While avoiding a direct attack on specific black leaders, de Klerk delivered his sharpest attack to date against what he called "the unacceptable trends" emerging in black politics, none of which "has anything to do with genuine democracy."
In their national conference, ANC delegates rejected appeals by the organization's leadership for a more moderate approach and instead voted in favor of continued economic sanctions, threats of armed confrontation and a renewed campaign of "mass action" aimed at accelerating reforms to abolish South Africa's apartheid system of racial separation.
"The time has come for the ANC to decide what they want. Are they prepared to follow their leaders' commitment . . . to peaceful and negotiated solutions? Or do they want to revert to the confrontation and conflict of the past?" de Klerk said.

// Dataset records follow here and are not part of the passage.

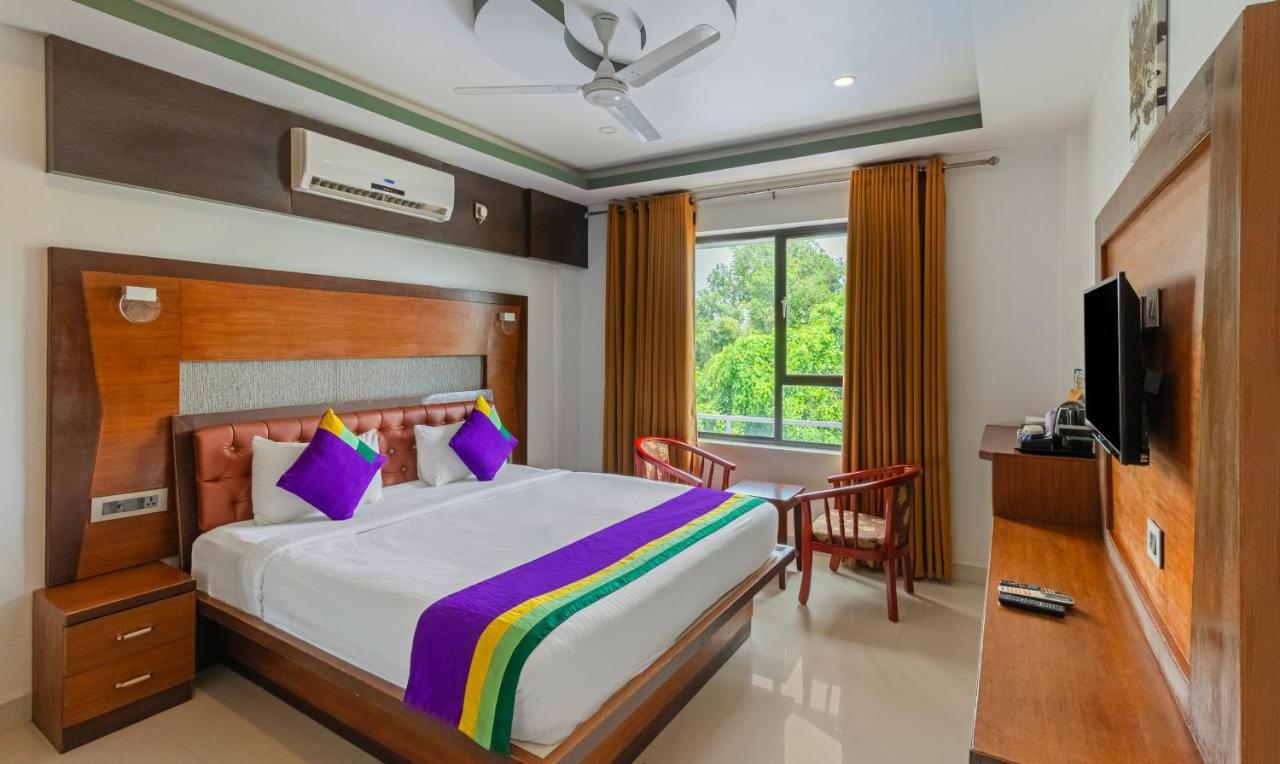 Treebo Premium Palmyra Milford, 2 Km From Alleppey Beach Alappuzha Exterior foto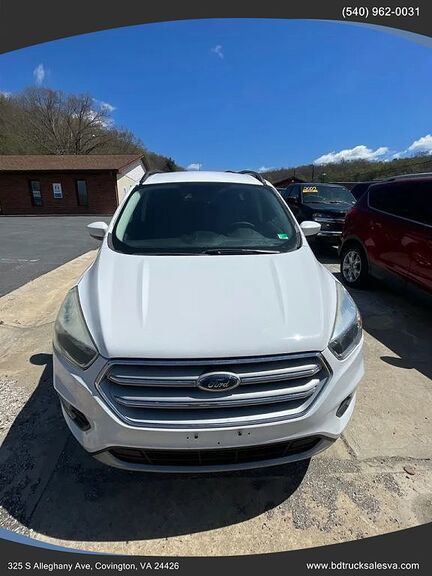 2018 FORD Escape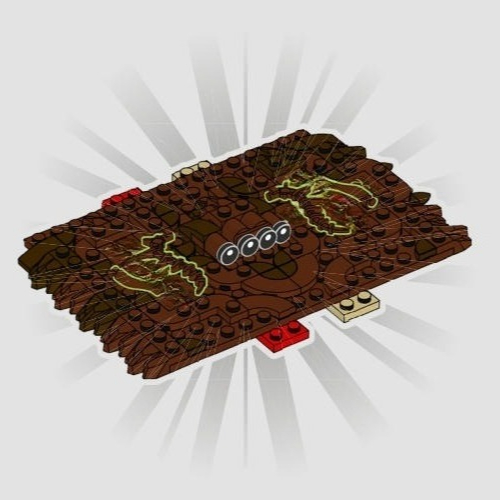Chomping Monster Book of Monst - Lego Set Technic 评论和价格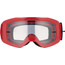 Fox Main Stray Lunettes De Protection Adolescents, rouge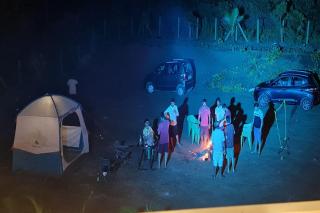 Hotel O Home Bhogwal Farmhouse & Party Zone - 0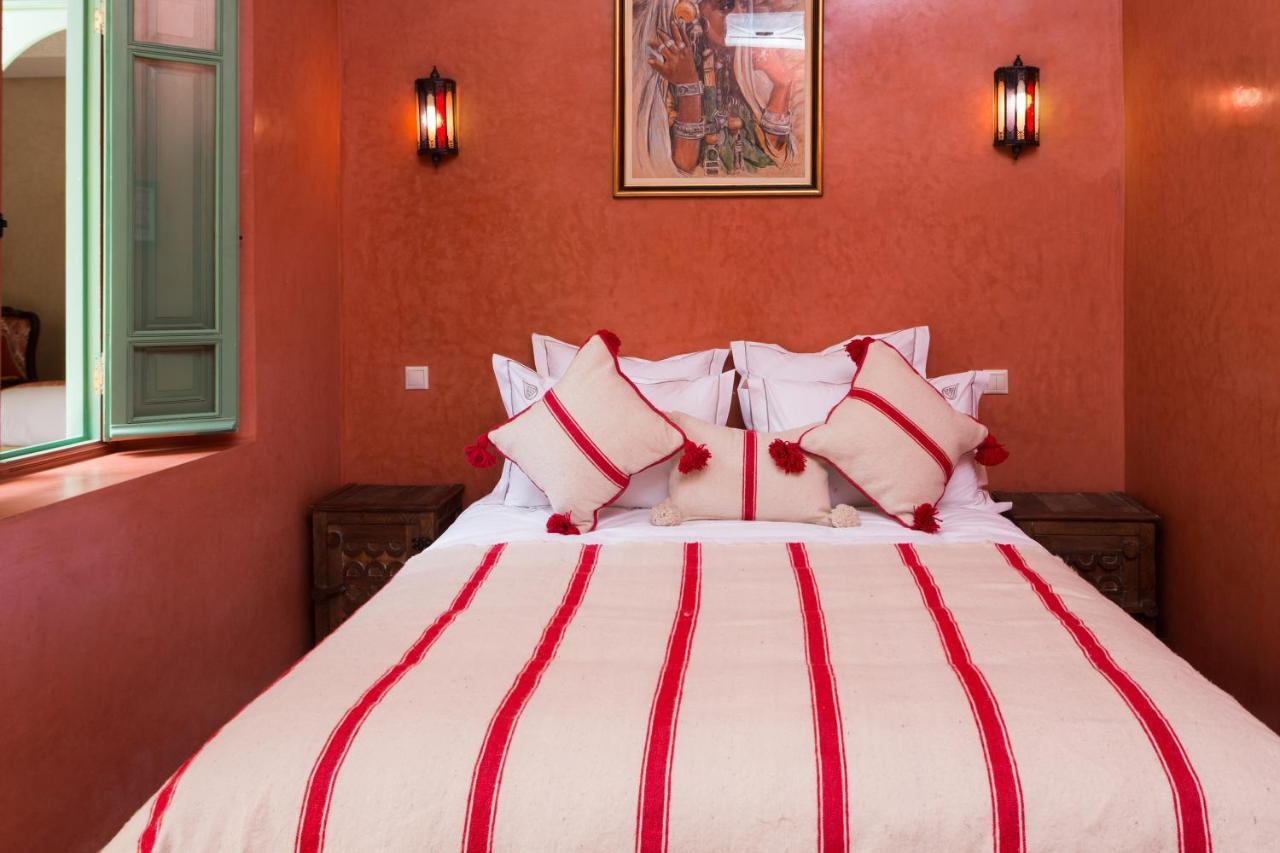 Riad Azrur Marraquexe Exterior foto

"Such mass action breeds confrontation and conflict. Some of those involved imagine that they can dictate the future of South Africa by inflamatory mass mobilization. That is the road to disaster," he warned in a nationally televised message.
The ANC's conference, the first in 31 years to be held inside South Africa, ended Sunday with a resolution declaring 1991 "a year of mass action for the transfer of power to the people" and threatening to suspend negotiations unless the government began instituting key political reforms by April 30.

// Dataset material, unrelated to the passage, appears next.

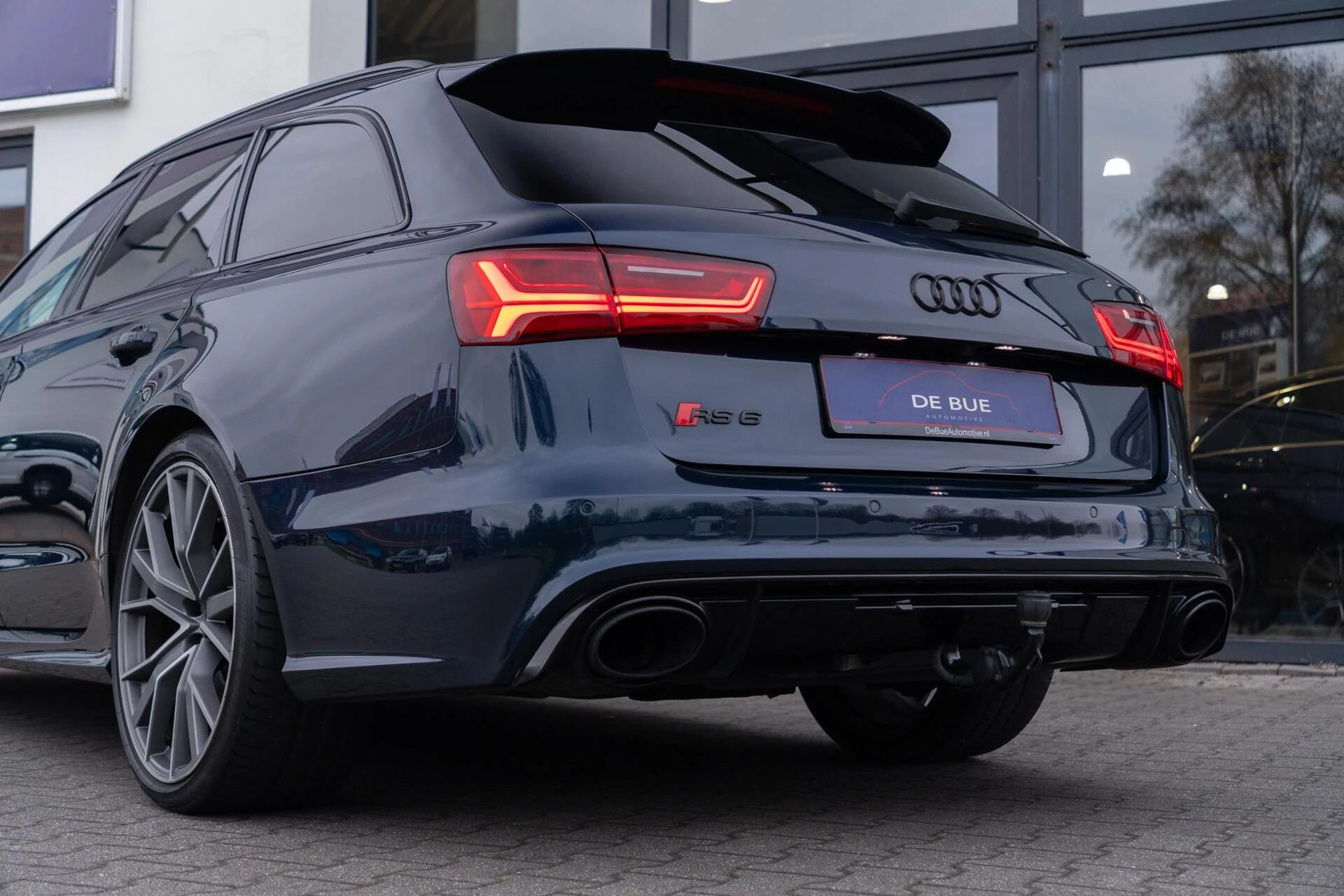 Hoofdafbeelding Audi RS6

De Klerk said revolutionary talk of "the transfer of power" is contrary to the whole objective of negotiations whose aim is to determine how "power should be shared and domination avoided."
ANC demands for a constitutent assembly and an interim government, he charged, are an attempt to preempt negotiations and shortcut the consitutional process.

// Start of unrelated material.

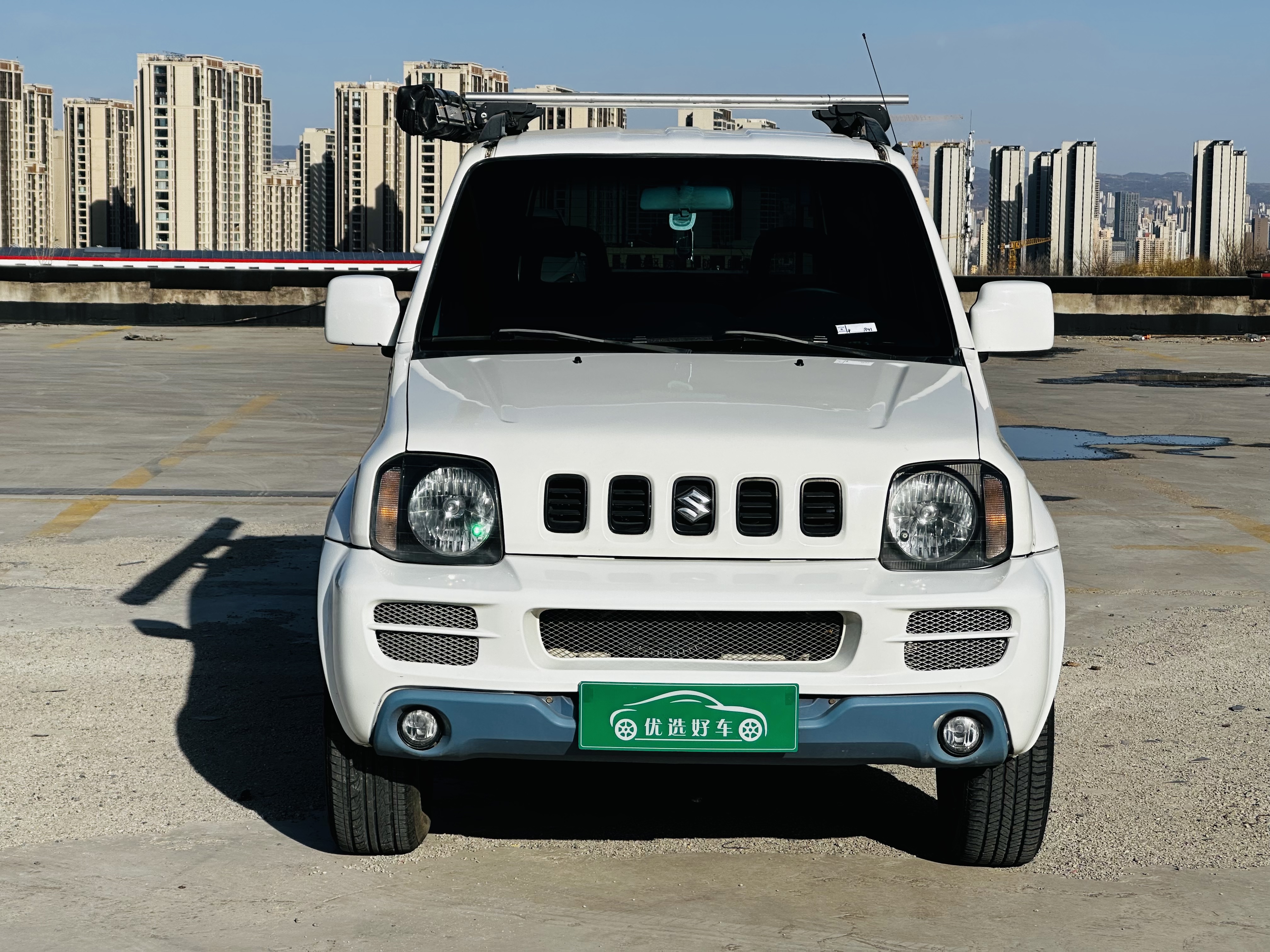 Suzuki Jimny (Imported) 2012 image de voiture #2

"They continue to advocate outmoded revolutionary doctrines and radical methods knowing full well that these militate against a true commitment to peaceful solutions," he said.
The president also criticized the ANC and other black groups for refusing to acknowledge that fundamental changes have taken place in South Africa "despite the fact that for the first time in 30 years, they and their leadership could hold a conference legally and without hindrance within the republic."
His government would not allow "a state of anarchy" to emerge nor capitulate to "radical pressure," and "would not shrink back from using all available resources to ensure stability."
ANC Deputy President Nelson Mandela, who has been conducting closed talks with de Klerk, on Sunday called for the government to remove several "obstacles" to further reforms, such as freeing all political prisoners and allowing exiles to return. Despite the government's earlier commitment to take such measures, de Klerk did not address the issue in his speech.